DATA:
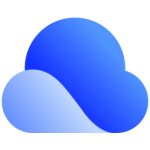 夸克网盘/QuarkCloudDrive PC版客户端 v3.1.4.0 绿色精简版WPS2023办公软件-苹果软件-mac软件,-汉化软件-汉化补丁-注册机-激活码-激活工具-软件-补丁-软件分享-去广告软件-软件版下载-软件安装-精品mac应用wps办公软件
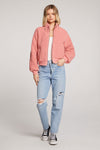 Alamoso Sunset Jacket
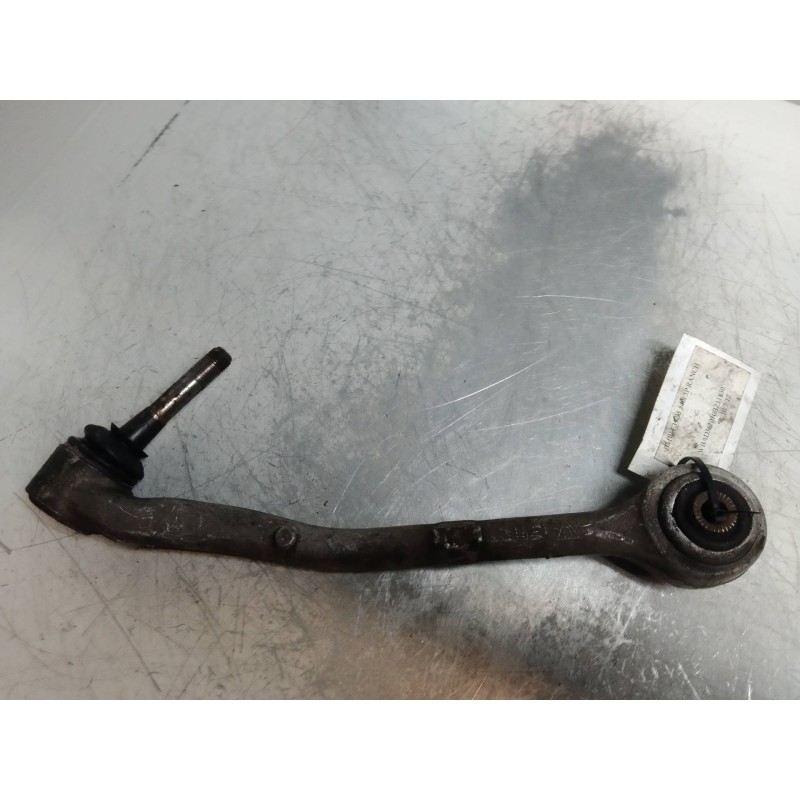 Recambio de brazo suspension inferior delantero derecho para bmw serie 5 touring (e39) 4.4 v8 32v cat (m62) referencia OEM IAM 1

TO DO: Output the listing above exactly, but leave its pictures behind.

WRITTEN RESPONSE:
 夸克网盘/QuarkCloudDrive PC版客户端 v3.1.4.0 绿色精简版WPS2023办公软件-苹果软件-mac软件,-汉化软件-汉化补丁-注册机-激活码-激活工具-软件-补丁-软件分享-去广告软件-软件版下载-软件安装-精品mac应用wps办公软件
 Alamoso Sunset Jacket
 Recambio de brazo suspension inferior delantero derecho para bmw serie 5 touring (e39) 4.4 v8 32v cat (m62) referencia OEM IAM 1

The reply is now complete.